Despite Crushing Blow to Iran’s Missile Arsenal, IDF Warns Barrage on Israel May Continue for Weeks

Mar 9, 2026·3 min read

Even after destroying roughly three-quarters of Iran’s ballistic missile launchers, the threat of continued missile fire against Israel is far from over.

According to the IDF, recent operations have eliminated about 75% of Iran’s ballistic missile launch infrastructure, a significant escalation from the 65% figure reported just two days earlier. Yet despite the dramatic degradation of Iran’s missile capabilities, military officials say Tehran still retains enough firepower to keep Israel under threat for an extended period.

At the start of the war, Iran was launching roughly 100 ballistic missiles per day. In recent days, that number had fallen to around 20–25 missiles daily, and in more days, the total dipped to fewer than 20 launches.

For several days, the reduced pace of attacks also coincided with a lull in major damage inside Israel. In contrast to the opening days of the conflict — when multiple missiles struck populated areas — there had been no major impacts reported for several days.

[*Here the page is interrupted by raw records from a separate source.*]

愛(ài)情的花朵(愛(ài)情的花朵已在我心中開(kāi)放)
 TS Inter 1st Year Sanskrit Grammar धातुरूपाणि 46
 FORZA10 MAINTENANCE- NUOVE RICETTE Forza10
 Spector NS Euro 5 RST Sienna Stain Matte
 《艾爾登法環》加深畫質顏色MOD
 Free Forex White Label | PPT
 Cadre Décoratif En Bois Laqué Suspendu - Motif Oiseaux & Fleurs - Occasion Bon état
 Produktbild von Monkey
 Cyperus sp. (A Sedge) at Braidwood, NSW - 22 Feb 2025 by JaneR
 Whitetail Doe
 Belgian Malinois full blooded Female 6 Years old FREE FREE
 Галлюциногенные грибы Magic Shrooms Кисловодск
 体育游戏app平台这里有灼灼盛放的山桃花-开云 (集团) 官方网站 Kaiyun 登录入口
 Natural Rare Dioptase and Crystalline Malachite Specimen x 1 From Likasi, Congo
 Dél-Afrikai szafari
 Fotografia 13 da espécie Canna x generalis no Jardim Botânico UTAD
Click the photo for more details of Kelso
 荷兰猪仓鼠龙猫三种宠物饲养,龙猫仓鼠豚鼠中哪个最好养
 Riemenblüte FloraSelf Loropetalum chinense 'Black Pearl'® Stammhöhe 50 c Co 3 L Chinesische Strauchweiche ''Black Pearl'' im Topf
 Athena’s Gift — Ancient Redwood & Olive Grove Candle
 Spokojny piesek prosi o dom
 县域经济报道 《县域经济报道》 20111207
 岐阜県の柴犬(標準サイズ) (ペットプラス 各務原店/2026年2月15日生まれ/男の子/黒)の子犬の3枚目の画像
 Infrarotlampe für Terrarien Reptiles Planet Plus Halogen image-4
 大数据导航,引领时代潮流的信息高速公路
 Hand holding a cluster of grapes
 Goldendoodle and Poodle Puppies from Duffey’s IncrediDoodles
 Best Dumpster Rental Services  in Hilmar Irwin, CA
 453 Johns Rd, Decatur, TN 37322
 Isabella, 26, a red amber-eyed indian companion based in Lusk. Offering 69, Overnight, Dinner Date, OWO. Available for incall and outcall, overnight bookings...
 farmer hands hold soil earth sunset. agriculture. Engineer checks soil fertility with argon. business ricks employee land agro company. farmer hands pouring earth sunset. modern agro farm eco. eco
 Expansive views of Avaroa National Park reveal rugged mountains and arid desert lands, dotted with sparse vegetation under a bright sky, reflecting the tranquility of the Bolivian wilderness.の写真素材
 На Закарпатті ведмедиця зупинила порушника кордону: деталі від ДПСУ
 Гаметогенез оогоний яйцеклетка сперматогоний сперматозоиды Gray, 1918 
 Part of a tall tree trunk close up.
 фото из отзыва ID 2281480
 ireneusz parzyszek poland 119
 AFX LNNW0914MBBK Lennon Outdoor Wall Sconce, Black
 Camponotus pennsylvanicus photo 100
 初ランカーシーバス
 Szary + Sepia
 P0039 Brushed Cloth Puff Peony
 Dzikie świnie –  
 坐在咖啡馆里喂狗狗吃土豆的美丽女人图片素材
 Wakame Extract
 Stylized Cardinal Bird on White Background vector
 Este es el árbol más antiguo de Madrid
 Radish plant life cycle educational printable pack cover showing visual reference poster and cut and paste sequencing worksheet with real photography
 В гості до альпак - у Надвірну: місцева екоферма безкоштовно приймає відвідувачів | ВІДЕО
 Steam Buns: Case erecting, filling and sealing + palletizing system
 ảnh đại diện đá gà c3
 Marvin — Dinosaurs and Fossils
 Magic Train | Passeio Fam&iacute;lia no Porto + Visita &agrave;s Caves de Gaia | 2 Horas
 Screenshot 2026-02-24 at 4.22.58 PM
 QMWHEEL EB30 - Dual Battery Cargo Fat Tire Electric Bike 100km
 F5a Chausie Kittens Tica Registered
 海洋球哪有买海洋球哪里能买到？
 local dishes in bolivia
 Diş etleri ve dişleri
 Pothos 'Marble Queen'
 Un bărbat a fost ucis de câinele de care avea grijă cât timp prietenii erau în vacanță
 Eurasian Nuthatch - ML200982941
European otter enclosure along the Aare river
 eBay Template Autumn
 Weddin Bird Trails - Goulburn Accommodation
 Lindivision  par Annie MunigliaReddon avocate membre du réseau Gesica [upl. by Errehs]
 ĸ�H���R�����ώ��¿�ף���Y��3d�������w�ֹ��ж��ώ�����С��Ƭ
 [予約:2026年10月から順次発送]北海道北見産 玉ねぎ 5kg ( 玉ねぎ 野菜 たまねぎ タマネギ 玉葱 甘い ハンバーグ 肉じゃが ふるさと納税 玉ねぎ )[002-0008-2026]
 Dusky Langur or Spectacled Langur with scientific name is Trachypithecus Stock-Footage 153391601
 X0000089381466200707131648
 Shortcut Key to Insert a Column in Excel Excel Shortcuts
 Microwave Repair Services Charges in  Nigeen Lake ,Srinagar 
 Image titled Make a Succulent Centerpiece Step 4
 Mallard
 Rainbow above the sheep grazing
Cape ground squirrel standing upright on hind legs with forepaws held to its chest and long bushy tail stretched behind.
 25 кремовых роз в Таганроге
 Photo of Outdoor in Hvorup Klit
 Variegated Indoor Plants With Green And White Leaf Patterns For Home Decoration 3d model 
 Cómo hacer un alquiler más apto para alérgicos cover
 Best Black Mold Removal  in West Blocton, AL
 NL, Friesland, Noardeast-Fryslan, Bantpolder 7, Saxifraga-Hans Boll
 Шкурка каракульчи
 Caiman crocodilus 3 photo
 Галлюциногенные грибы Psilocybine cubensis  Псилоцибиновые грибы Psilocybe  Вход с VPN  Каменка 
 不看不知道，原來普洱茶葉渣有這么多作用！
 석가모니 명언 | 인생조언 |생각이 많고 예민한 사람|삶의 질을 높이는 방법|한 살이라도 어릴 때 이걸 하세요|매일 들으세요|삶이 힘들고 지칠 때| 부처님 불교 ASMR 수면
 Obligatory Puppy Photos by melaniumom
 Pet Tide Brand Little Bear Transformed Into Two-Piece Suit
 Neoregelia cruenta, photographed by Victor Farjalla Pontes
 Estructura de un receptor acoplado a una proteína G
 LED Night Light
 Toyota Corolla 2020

That relative calm, however, proved short-lived.

A significant strike hit Israel on Sunday, followed by another on Monday, underscoring the lingering threat despite the military’s success in dismantling much of Iran’s launch network. Air-raid sirens have continued to sound across large parts of the country as Iranian missiles and fragments reach Israeli territory.

Military officials say the reality of the battlefield is more complicated than the headline numbers might suggest.

While the destruction of major missile bases has dealt a severe blow to Iran’s arsenal, the remaining launchers — estimated at 100 to 150 — may now be scattered across the vast territory of the Islamic Republic, which is several times the size of France. That dispersal makes them far harder to locate and destroy.

Iran is also believed to still possess more than 1,000 ballistic missiles, many of which could be deployed by small, mobile launch teams operating from concealed locations.

That dynamic means the war’s early success in crippling Iran’s missile infrastructure may not translate into an immediate end to the threat.

Israeli officials have drawn comparisons to the war with Hamas following the October 7, 2023 attacks, when Israeli forces quickly reduced the scale of rocket fire from Gaza but were unable to eliminate it entirely for months. Hamas continued launching sporadic rockets into Israel until early January 2024.

A similar pattern could emerge in the current conflict.

Rather than completely eliminating missile launches, Israeli officials say a more realistic near-term goal may be reducing Iran’s attacks to a level that disrupts daily life but rarely causes casualties, similar to the intermittent missile and drone attacks launched by Yemen’s Houthi rebels in recent years.